Nr. 8: Ich dachte, er hat mich angeguckt. Ich dachte, er mag mich. War aber alles ganz anders. Einmal mehr bleibt vor allem eins: Irritation darüber, dass ich nicht weiß, wie die Welt funktioniert. Dass ich Menschen und Situationen falsch einschätze.

Nr 9: Ich weiß nicht, ob sich das lohnt. Ich hab vergessen, wofür ich das machen soll. Ich kenne das Bedürfnis, jemanden bei mir und um mich haben zu wollen, jemanden, der ein Ort ist, ein Bezugspunkt, das kenne ich sehr.
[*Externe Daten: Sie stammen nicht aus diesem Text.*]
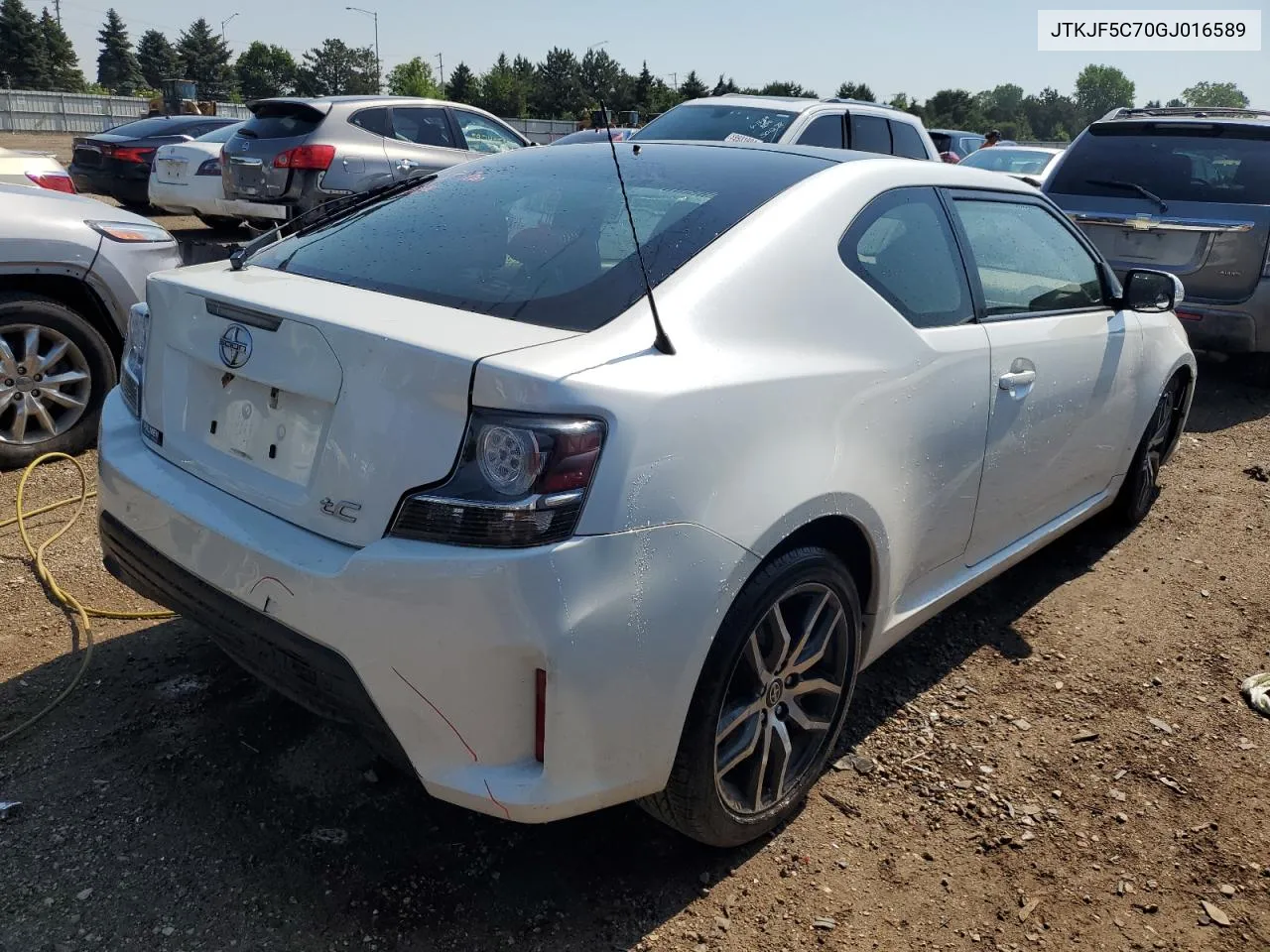 2016 Toyota Scion Tc VIN: JTKJF5C70GJ016589 Lot: 59158984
Aber den Weg dahin, das Spiel, das nötig ist, das macht mir keinen Spaß. Warum also soll ich es spielen. Es fühlt sich nicht an wie ein Spiel, es ist beschissener Ernst, es ist Arbeit, es ist noch was auf der Liste, noch ein Marathon, den man beharrlich und geduldig und mit viel Überwindung gegen Ängste und mit viel Kampfeswillen und Bereitschaft zum Einstecken laufen muss. Die Wahrscheinlichkeit, dass das Ergebnis des Spiels ist, dass jemand bleibt, tendiert gegen Null. Aber als ich mir ausgedacht habe, dass der Typ mich mag und ich ihn, und ich ganz aufgeregt wurde, da hab ich T. vergessen. So sehr wie lange nicht.